Total Number of hits/requests to your site#
- Let's start Kibana up and select
Discovery
(#1 in screen shot below) - Then the router logs for your project(#2).
- From there, we will filter some of this information down a bit. Let's focus on our main production environment.
-
In the search bar (#3), enter:
openshift_project: "name of your production project"
- This will show you all the hits to your production environment in the given time frame.
- You can change the time frame in the upper right hand corner (#4).
- Clicking on the arrow next to the entry (#5) will expand it and show you all the information that was captured.
- You can add any of those fields to the window by hovering over them and clicking add on the left hand side (#6).
- You can also further filter your results by using the search bar.
Number of hits/requests from a specific IP address#
Running the query above will give you a general look at all the traffic to your site, but what if you want to narrow in on a specific IP address? Perhaps you want to see how many times an IP has hit your site and what specific pages they were looking at. This next query should help.
We are going to start off with the same query as above, but we are going to add a couple of things.
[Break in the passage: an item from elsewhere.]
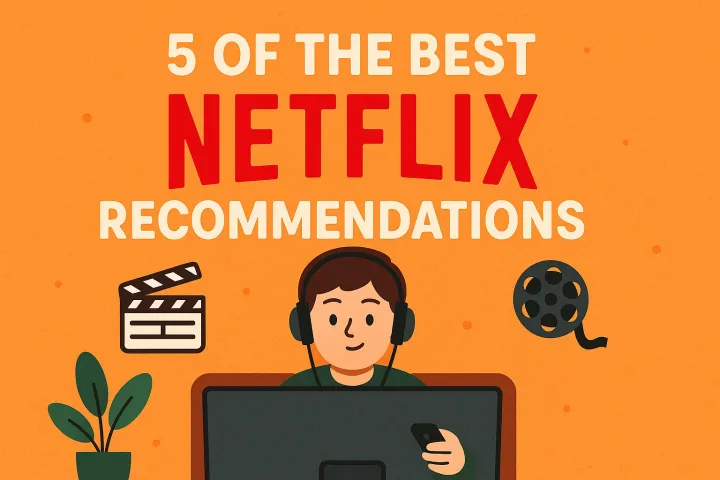 5 Netflix recommendation from my side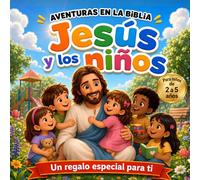 Jesús y los niños: Un regalo especial para ti - Edición especial para el día del niño (Historias de la biblia para niños pequeños)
- First, add the following fields:
client_ip
andhttp_request
. - This will show you a list of all IP addresses and the page they requested. Here is what we see for the amazee.io website:
That looks good, but what if we wanted to just show requests from a specific IP address? You can filter for the address by adding it to your search criteria.
- We are going to add:
AND client_ip: "IP address"
. - That will filter the results to just show you hits from that specific IP address, and the page they were requesting. Here is what it looks like for our amazee.io website:
Container Logs#
Container logs will show you all stout
and sterr
messages for your specific container and project. We are going to show an example for getting logs from a specific container and finding specific error numbers in that container.
Logs from a container#
Want to see the logs for a specific container (php, nginx, etc)? This section will help! Let's focus on looking at NGINX logs.
- We start by opening up Kibana and selecting Discover (#1 in the screen shot below).
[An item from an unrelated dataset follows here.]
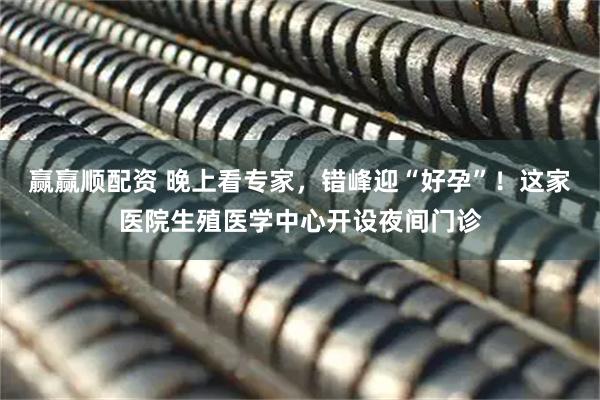 赢赢顺配资 晚上看专家，错峰迎“好孕”！这家医院生殖医学中心开设夜间门诊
- From there, we select the container logs for our project (#2).
- Let's go to the search bar (#3) and enter:
kubernetes.container_name: "nginx"
- This will display all NGINX logs for our project.
- Clicking on the arrow next to an entry (#4) will expand that entry and show you all of the information it gathered.
- Let's add the message field and the level field to the view. You can do that by clicking on "Add" on the left hand side (#5).
- You can change the time frame in the upper right hand corner of the screen (#6), in the example below I'm looking at logs for the last 4 hours.
Specific errors in logs#
Want to see how many 500 Internal Server errors you've had in your NGINX container? You can do that by changing the search query. If you search:
kubernetes.container_name: "nginx" AND message: "500"
That will only display 500 error messages in the NGINX container. You can search for any error message in any container that you would like!
Visualization#
Kibana will also give you the option to create visualizations or graphs. We are going to create a chart to show number of hits/requests in a month using the same query we used above.
- Click on Visualize on the left hand side of Kibana.
- Click on the blue plus sign.
- For this example, we are going to select a Vertical Bar chart.
- Select the router logs for your project.
- Click on X-Axis under Buckets and select Date Histogram, with the interval set to daily
- Success!! You should now see a nice bar graph showing your daily traffic.
Note
Make sure that you select an appropriate time frame for the data in the upper right hand corner.
Here is an example of a daily hits visualization chart:
Also note that you can save your visualizations (and searches)! That will make it even faster to access them in the future. And because each account has their own Kibana Tenant, no searches or visualizations are shared with another account.